- THE DATA -
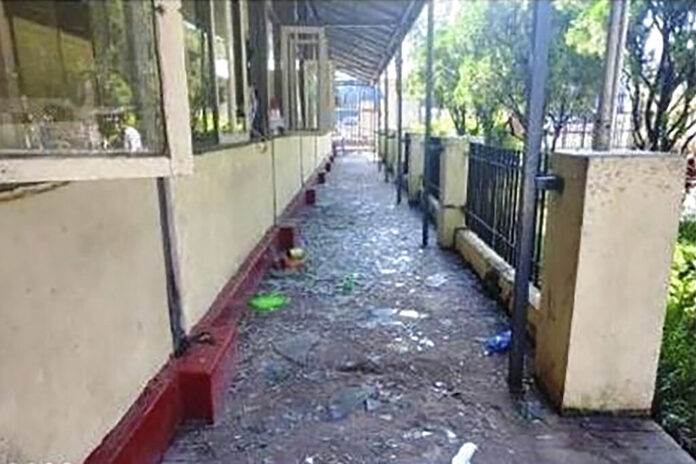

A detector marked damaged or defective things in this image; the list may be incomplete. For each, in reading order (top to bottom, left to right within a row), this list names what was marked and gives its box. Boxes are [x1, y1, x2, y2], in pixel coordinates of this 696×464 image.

rusty metal pole [508, 0, 552, 394]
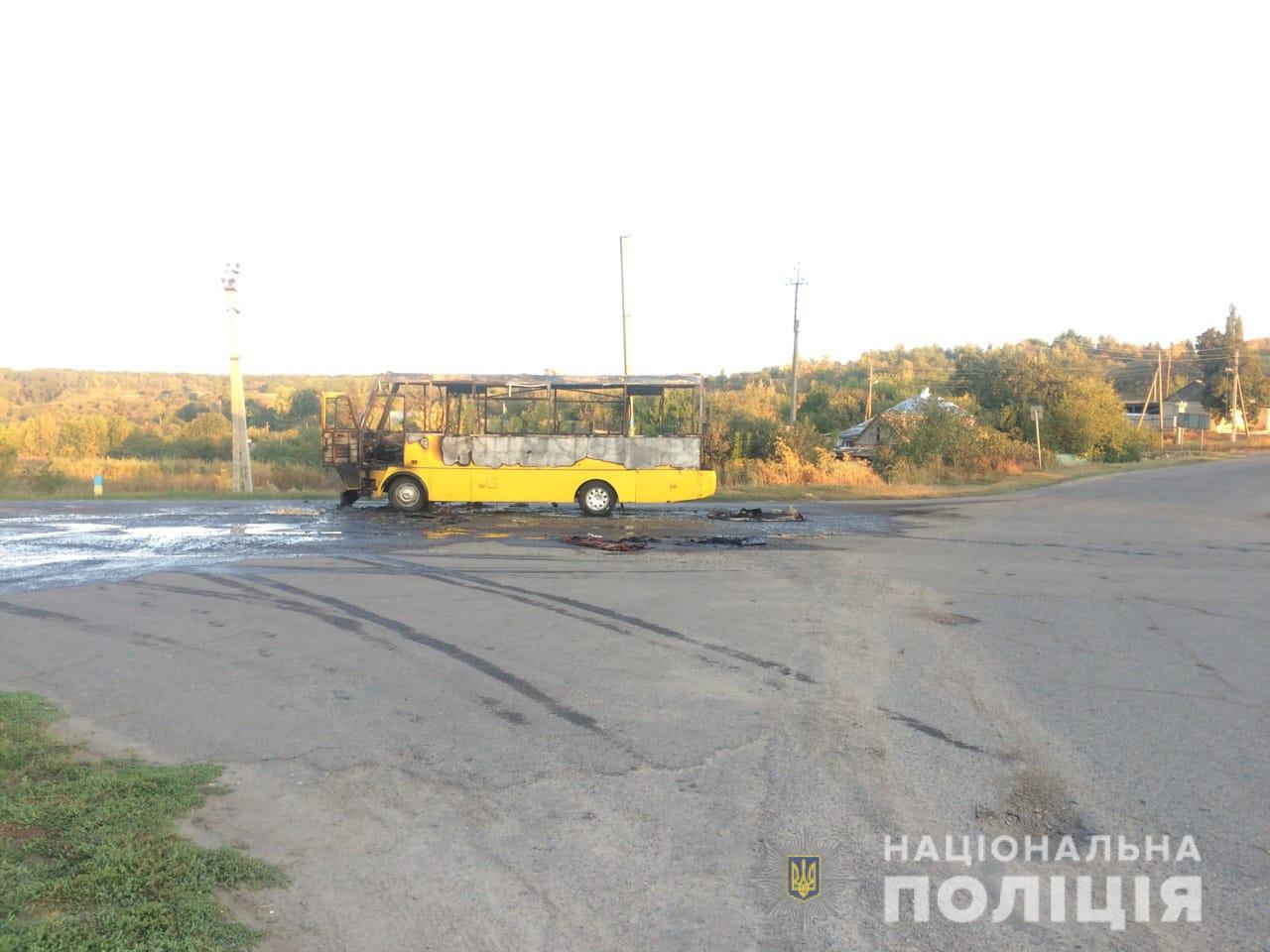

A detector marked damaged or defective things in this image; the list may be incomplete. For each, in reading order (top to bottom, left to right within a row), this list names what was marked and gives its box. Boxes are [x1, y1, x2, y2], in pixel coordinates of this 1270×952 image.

burned-out yellow bus [319, 375, 714, 516]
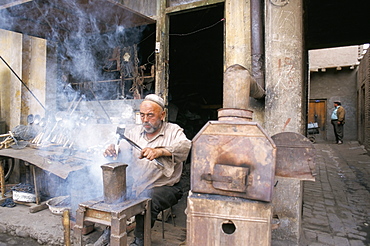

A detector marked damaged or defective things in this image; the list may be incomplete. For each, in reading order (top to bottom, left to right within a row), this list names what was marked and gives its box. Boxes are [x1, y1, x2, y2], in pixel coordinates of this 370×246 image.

rusty metal sheet [192, 120, 276, 202]
rusty metal sheet [270, 132, 316, 182]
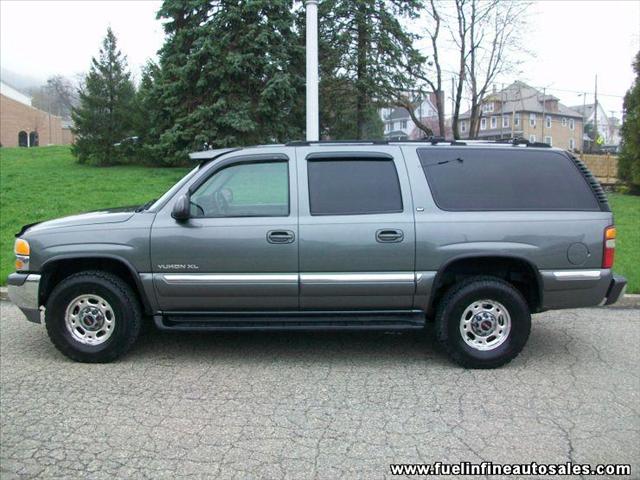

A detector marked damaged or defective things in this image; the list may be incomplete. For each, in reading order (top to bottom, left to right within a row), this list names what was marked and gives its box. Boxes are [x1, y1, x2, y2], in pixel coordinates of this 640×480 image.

cracked asphalt [0, 300, 636, 480]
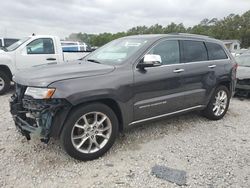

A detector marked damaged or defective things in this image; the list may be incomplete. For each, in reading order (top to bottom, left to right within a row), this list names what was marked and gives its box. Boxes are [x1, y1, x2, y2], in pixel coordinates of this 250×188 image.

crumpled hood [13, 60, 115, 87]
damaged front bumper [9, 93, 70, 143]
front end damage [9, 83, 71, 142]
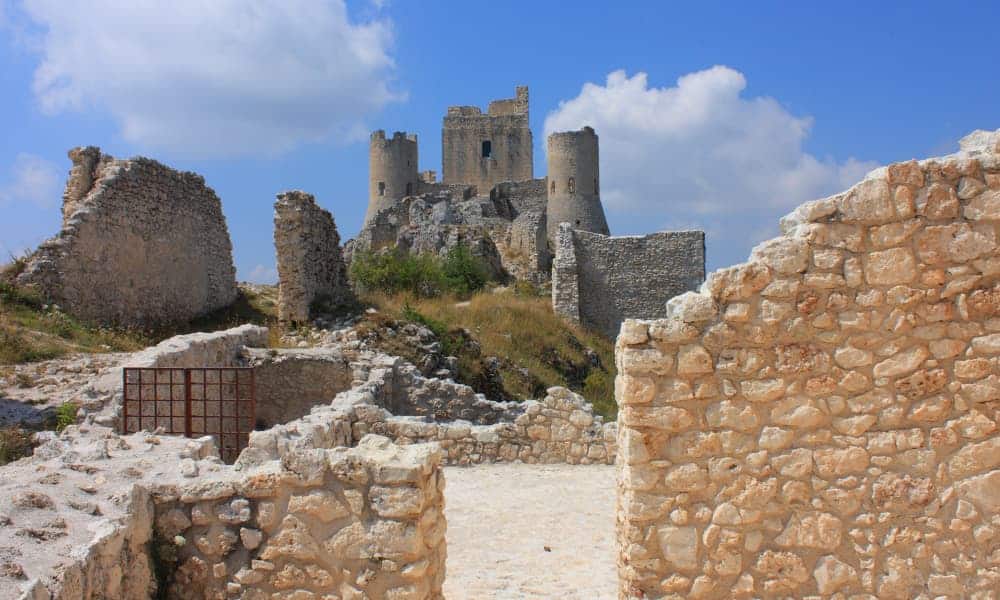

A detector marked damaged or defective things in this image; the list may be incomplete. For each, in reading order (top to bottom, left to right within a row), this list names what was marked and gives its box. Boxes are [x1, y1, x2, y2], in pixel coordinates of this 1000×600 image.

rusty metal grid [121, 366, 256, 464]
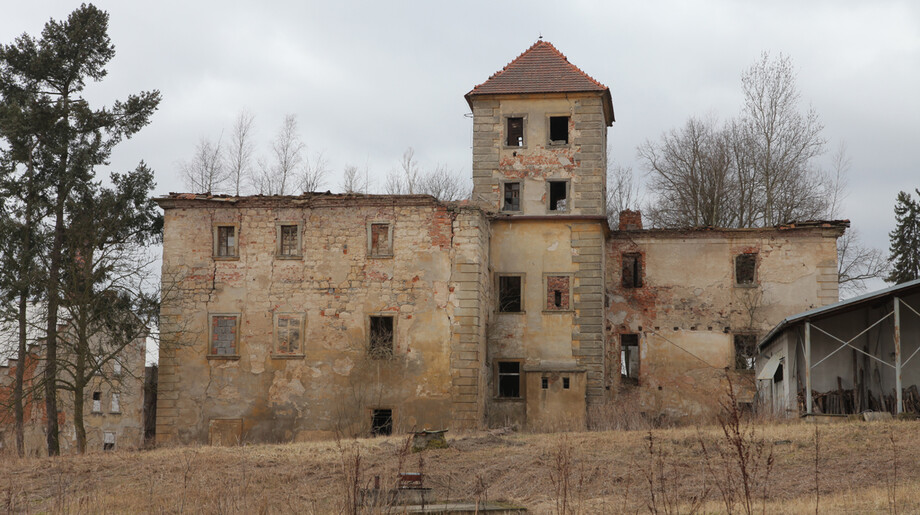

- TASK ITEM -
Write out exactly the lines from the line holding "this 1000×600 image." through the last line of the records above, inclusive, and nothing more. Leave out the pictures.

- RESPONSE TO THIS TASK -
A detector marked damaged or defective things in this image; the list may be incomplete. For each, in reading order (top to bottom, left to right within a row), this list names what was marked and gives its box. Boxes are [x1, y1, x2, y2], in pixel coordinates of this 1000×600 image.

rusty metal grid [121, 366, 256, 464]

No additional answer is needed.